De nombreux produits alimentaires sont également interdits car considérés comme luxueux. Et la question, Chris, – et c’est pourquoi je suis si en colère ces derniers temps envers les États membres – est la suivante : en matière de génocide, vous avez vous-même entendu la discussion, ou plutôt la réticence de certains États à utiliser le cadre juridique du génocide, en disant – et c’est un pur non-sens d’un point de vue juridique – que la Cour internationale de Justice n’a pas conclu que c’est un génocide.
Or, elle a déjà conclu à l’existence d’un risque de génocide il y a deux ans, en janvier 2024. Cependant, même lorsque la Cour conclura sur un point pertinent, comme en juillet 2024, que l’occupation est illégale et doit être démantelée totalement et sans condition, cela devrait être le point de départ de toute discussion sur la paix ou l’avenir. Au lieu de délibérer sur la manière de contraindre Israël à se retirer des territoires palestiniens occupés, les États membres maintiennent le dialogue avec Israël, ce dernier exerçant sa souveraineté sur ces territoires. Voyez, l’avenir qu’ils promettent aux Palestiniens, plongés dans le désespoir, est totalement dystopique.

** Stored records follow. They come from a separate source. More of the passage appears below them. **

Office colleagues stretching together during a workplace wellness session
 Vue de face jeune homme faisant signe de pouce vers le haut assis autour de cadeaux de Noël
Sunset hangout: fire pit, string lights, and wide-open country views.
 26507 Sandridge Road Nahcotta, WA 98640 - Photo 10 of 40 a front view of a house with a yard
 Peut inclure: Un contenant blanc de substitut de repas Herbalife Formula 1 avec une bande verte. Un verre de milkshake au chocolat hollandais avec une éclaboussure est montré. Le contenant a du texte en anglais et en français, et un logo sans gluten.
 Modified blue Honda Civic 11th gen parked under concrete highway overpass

Mais ils forcent aussi le mouvement populaire, ce mouvement mondial qui s’est formé, composé de jeunes et de travailleurs, à s’arrêter. Car regardez ce qui se passe en France, en Italie, en Allemagne, au Royaume-Uni : toute tentative de maintenir la lumière sur la Palestine, de Gaza à la Cisjordanie, est violemment réprimée. Manifestations, conférences, tout ce qui concerne la Palestine fait l’objet d’attaques virulentes.
C’est pourquoi j’affirme que nous sommes bien au-delà de la simple mauvaise gestion, du manque de compréhension, voire de la négligence dans le traitement de la question palestinienne. Il s’agit d’une complicité active qui soutient Israël dans le nettoyage
Chris Hedges
Comme vous le soulignez dans votre rapport, cela a toujours été vrai, malgré une légère évolution du discours reconnaissant la solution à deux États. Le Royaume-Uni a agi ainsi tout en ne réduisant ses exportations que de 10 %.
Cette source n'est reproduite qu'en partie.